The U.S. Supreme Court has reinstated a lower court ruling allowing public high school students to meet for Bible study and prayer during scheduled school activity periods. In doing so, the high court nullified an appeals court ruling against a Williamsport, Pennsylvania, student group called Petros.

Petros has been at the center of a controversy since 1981, when the local school board refused to let the group meet because of the religious content of its discussions. The students filed suit in U.S. District Court, and in 1983 Judge William G. Nealon ruled in favor of the Bible club. Petros meetings resumed during the 1983–84 school year. However, school board member John C. Youngman, Jr., acting on his own, appealed the district court decision. The appeals court ruled against the students, so they took their case to the U.S. Supreme Court.

In March, the high court ruled that Youngman did not have sufficient legal standing to file the earlier appeal. The Court said Youngman, acting as an individual, lacked a sufficient stake in the outcome of the lawsuit to support his appeal to a higher court. The Supreme Court nullified the appeals court decision and reinstated the district court ruling in favor of Petros.

The high court’s decision affords tacit approval of the Equal Access Act, passed by Congress in 1984. (The law has not yet been tested directly by the Supreme Court.) The Equal Access Act permits groups like Petros to meet in public high schools as long as students organize voluntarily, and independent of outside leadership.

In a 1981 case, the Supreme Court upheld the constitutionality of the equal-access concept on college and university campuses. The Christian Legal Society (CLS) was instrumental in that case as well as in the Williamsport effort.

CLS executive director Samuel E. Ericsson welcomed the recent Williamsport decision. “The Court sent as strong a signal of the constitutionality of equal access as they could have sent under the circumstances,” he said.

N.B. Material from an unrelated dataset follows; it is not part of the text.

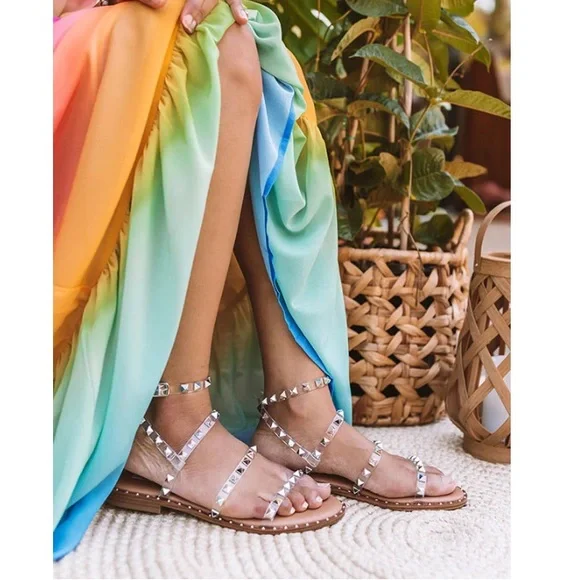 STEVE MADDEN Travel Rock Stud Gladiator Sandals - Picture 5 of 9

Those who oppose Bible clubs meeting on public high school premises have challenged such meetings in courts across the country. Opponents of the clubs say other students might believe the school is endorsing a particular religious group. That would be a violation of the First Amendment’s Establishment Clause, which prohibits state-sponsored religion, they argue. Opponents of equal access also have argued that the concept might cause students from minority religions to feel ostracized, or that groups like Petros could be a launch pad for evangelism in the hallways. Dangerous cults, they fear, could gain access to public high schools along with bona fide religious groups.

In 1983, U.S. District Court Judge Nealon rejected those arguments in the Williamsport case. “A number of students, acting voluntarily and free of outside influences, have requested permission to form a club and meet during the school’s activity period on the same basis as other student organizations,” Nealon wrote in his ruling. “The request was denied on the sole ground that the students wish to engage in religious speech.”

Nealon concluded that the school’s activity period was an “open forum.” Excluding the Petros club because of its religious orientation “has impermissibly burdened their free-speech rights,” he said. The judge said his decision “falls within the realm of what the Chief Justice called ‘a benevolent neutrality which will permit religious exercise to exist without sponsorship and without interference.’ ”

In reviewing the case, the Supreme Court commended Nealon’s “detailed and carefully written opinion.” Ericsson said the Court would not reinstate a lower-court ruling that is not solidly constitutional. He said any group of high school students has the legal right to request permission for a Bible club on school property within guidelines that apply to meetings of other student organizations.